Pro-Palestinian protesters rally at Google I/O developer conference to rail against Project Nimbus contract with Israel
Dozens of pro-Palestinian protesters rallied outside the annual Google I/O 2024 developer conference at Shoreline Amphitheater in Mountain View on Tuesday.
The demonstrators were demanding the tech giant divest itself from Israel and the halting of Google's Project Nimbus contract with the Israeli government.
The $1.2 billion deal provides artificial intelligence technology to Israel. Protesters claim the system makes it easier for the Israeli government and its military to surveil Palestinians and force them off their land in Gaza.
Google has insisted the Nimbus system isn't being deployed for weaponry or intelligence gathering, but demonstrators accuse Google of war profiteering.
"[Google is] literally creating products that are used by Israel to imprison Palestinian children in the West Bank, and they want to have a conference uninterrupted," said demonstrator Rami Abdelkarim. "Absolutely not, the Bay Area is saying 'no.'"

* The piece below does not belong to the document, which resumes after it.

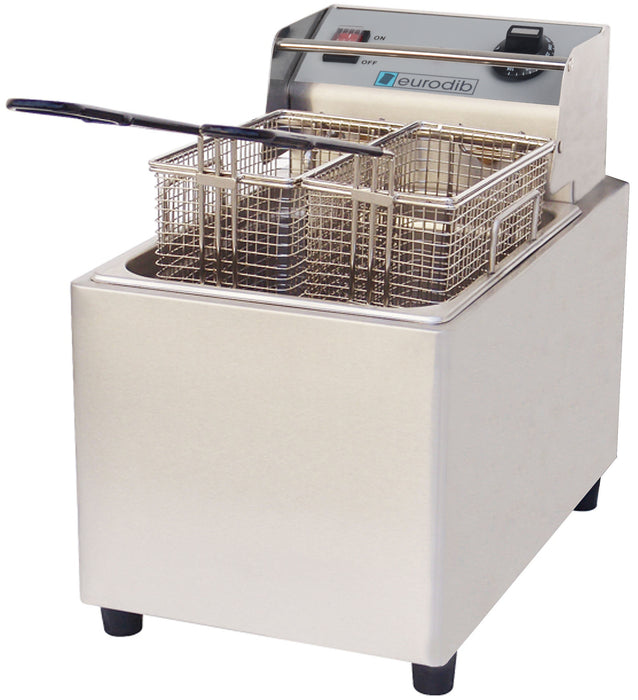 Eurodib USA, SFE01860D120, Single Electric Countertop Fryer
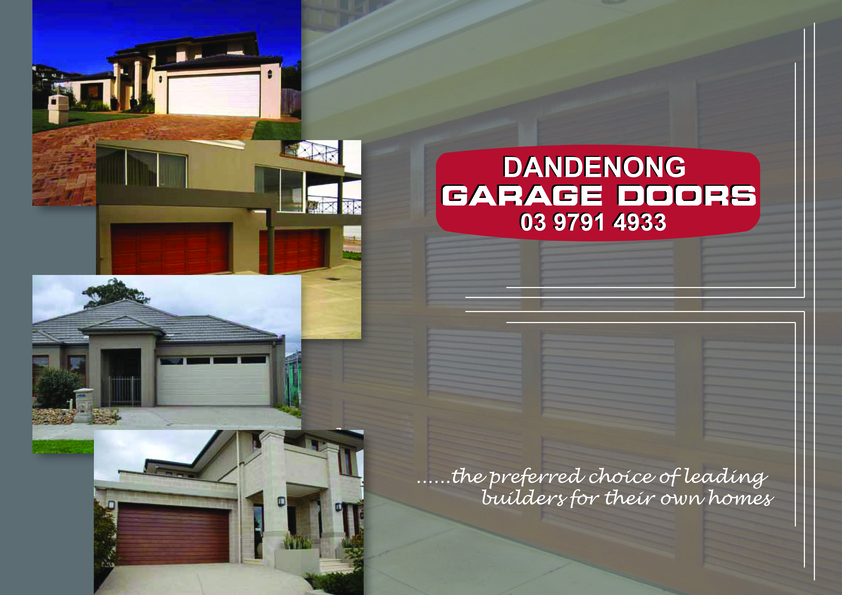 View Brochure: Dandenong Garage Doors brochure.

In recent weeks, dozens of Google employees have been fired after participating in demonstrations against Israel's war in Gaza and Google's Project Nimbus contract at company facilities. About two dozen workers were dismissed after staging a sit-in at Google offices in Sunnyvale and New York. Approximately 20 more employees were fired the following week.
On April 29, the fired workers filed a complaint against Google with the National Labor Relations Board in an attempt to get their jobs back. Some of the employees said they had not even entered the Google offices during the demonstrations. A Google spokesperson told CBS News Bay Area the fired workers were all personally and definitively involved in the disruption.